(Dataset items)

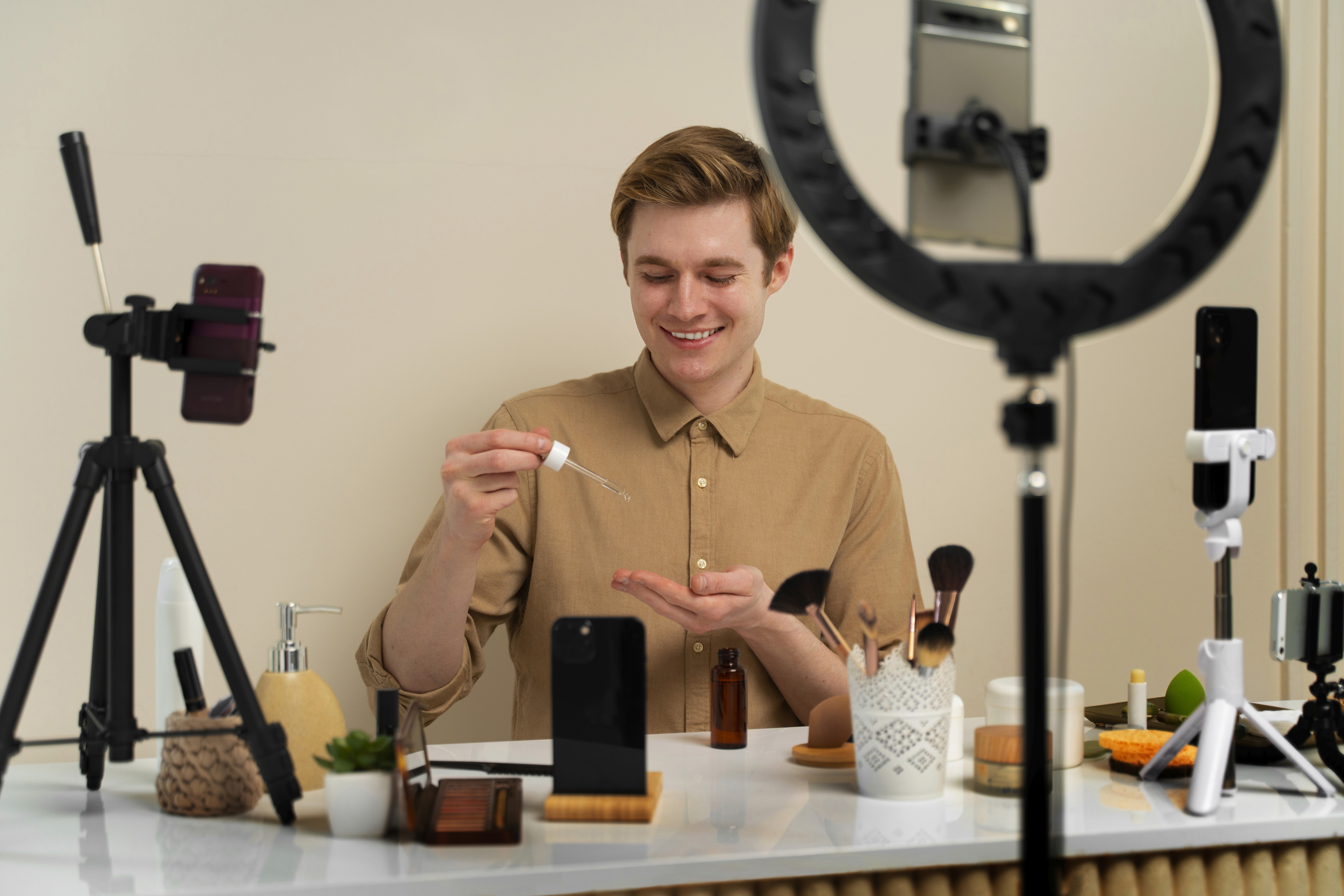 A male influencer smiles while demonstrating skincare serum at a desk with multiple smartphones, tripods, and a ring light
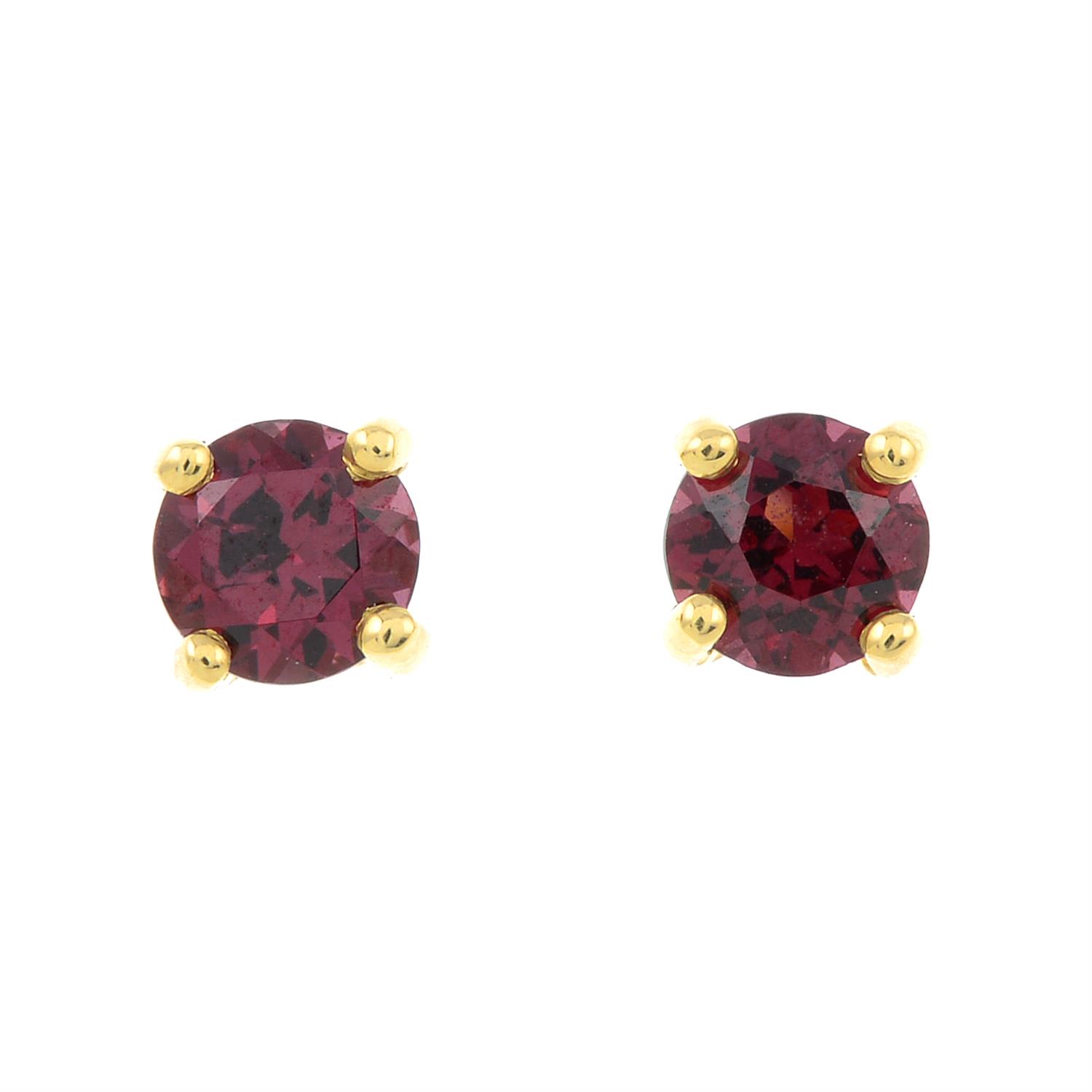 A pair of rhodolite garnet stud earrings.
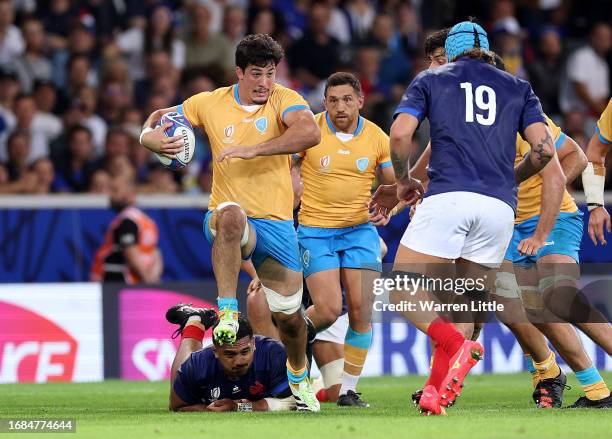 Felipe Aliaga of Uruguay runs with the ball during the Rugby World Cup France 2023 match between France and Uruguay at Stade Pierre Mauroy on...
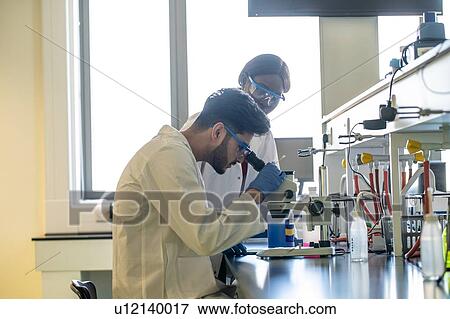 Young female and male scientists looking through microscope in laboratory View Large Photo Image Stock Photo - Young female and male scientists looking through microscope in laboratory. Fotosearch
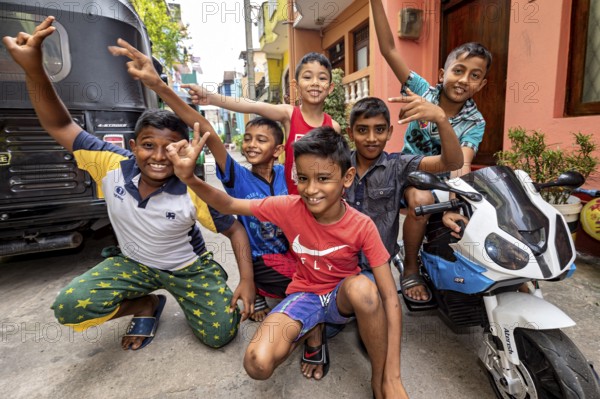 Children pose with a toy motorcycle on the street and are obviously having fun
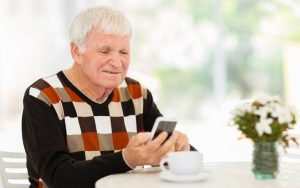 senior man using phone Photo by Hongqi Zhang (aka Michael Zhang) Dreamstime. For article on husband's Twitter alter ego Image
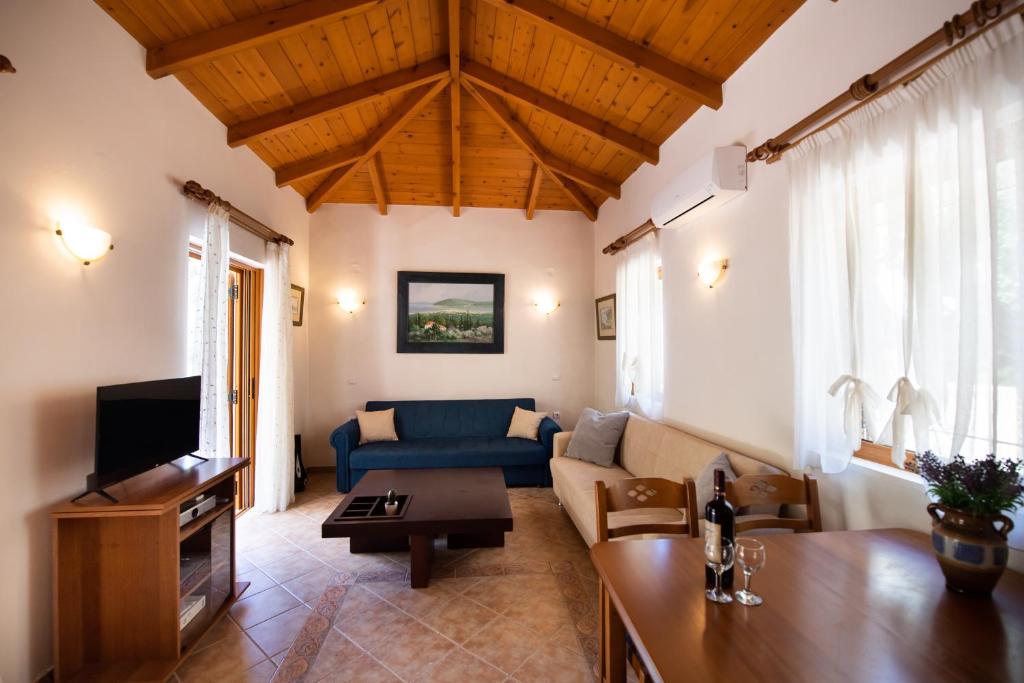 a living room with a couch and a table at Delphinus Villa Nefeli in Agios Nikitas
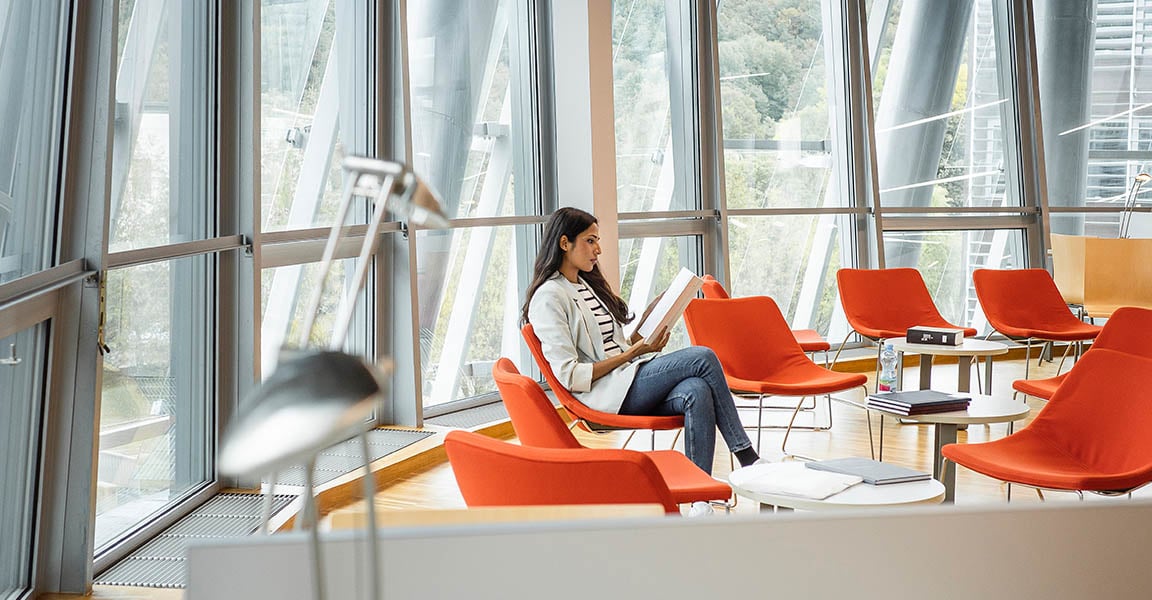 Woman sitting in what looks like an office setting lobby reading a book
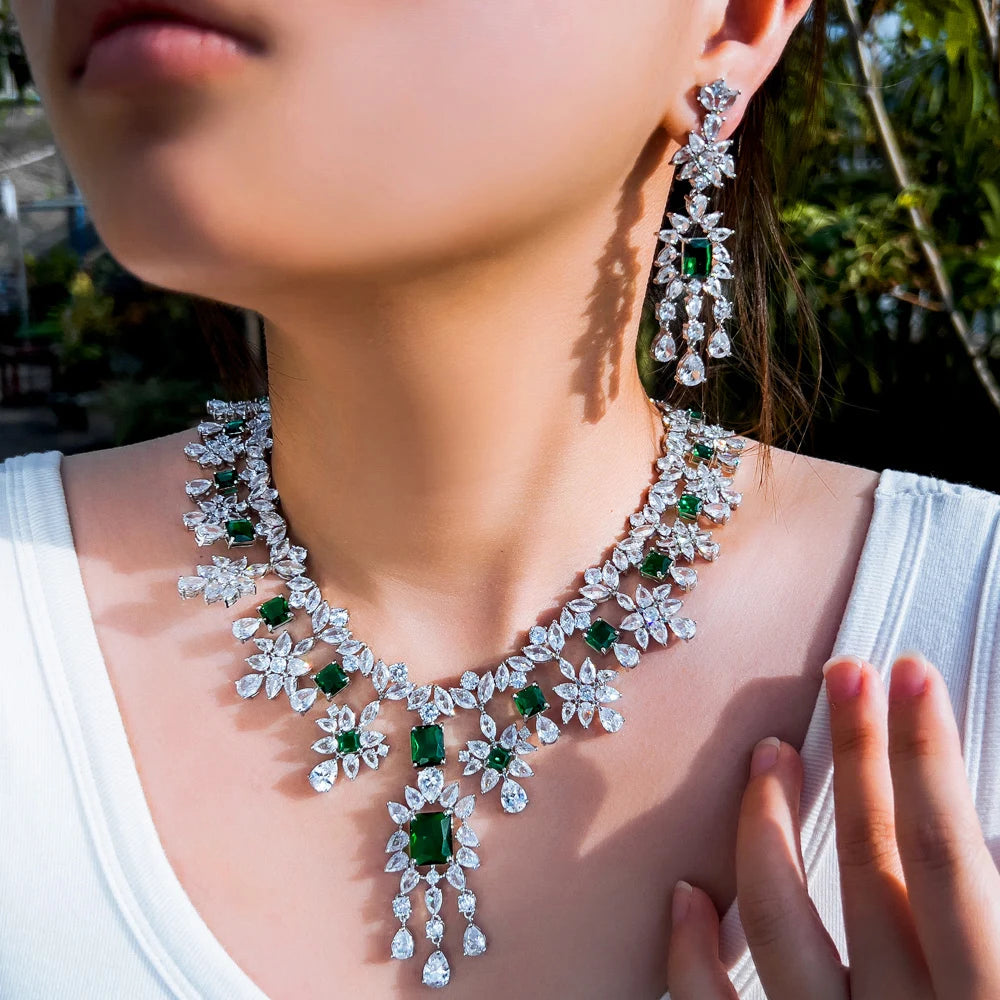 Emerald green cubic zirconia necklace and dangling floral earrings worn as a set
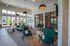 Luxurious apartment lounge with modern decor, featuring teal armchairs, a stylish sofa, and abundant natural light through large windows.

Your task: Reproduce word for word the lines from the line with "senior man using" to the end of the entries above, both included, but leave the pictures out.

Final answer:
 senior man using phone Photo by Hongqi Zhang (aka Michael Zhang) Dreamstime. For article on husband's Twitter alter ego Image
 a living room with a couch and a table at Delphinus Villa Nefeli in Agios Nikitas
 Woman sitting in what looks like an office setting lobby reading a book
 Emerald green cubic zirconia necklace and dangling floral earrings worn as a set
 Luxurious apartment lounge with modern decor, featuring teal armchairs, a stylish sofa, and abundant natural light through large windows.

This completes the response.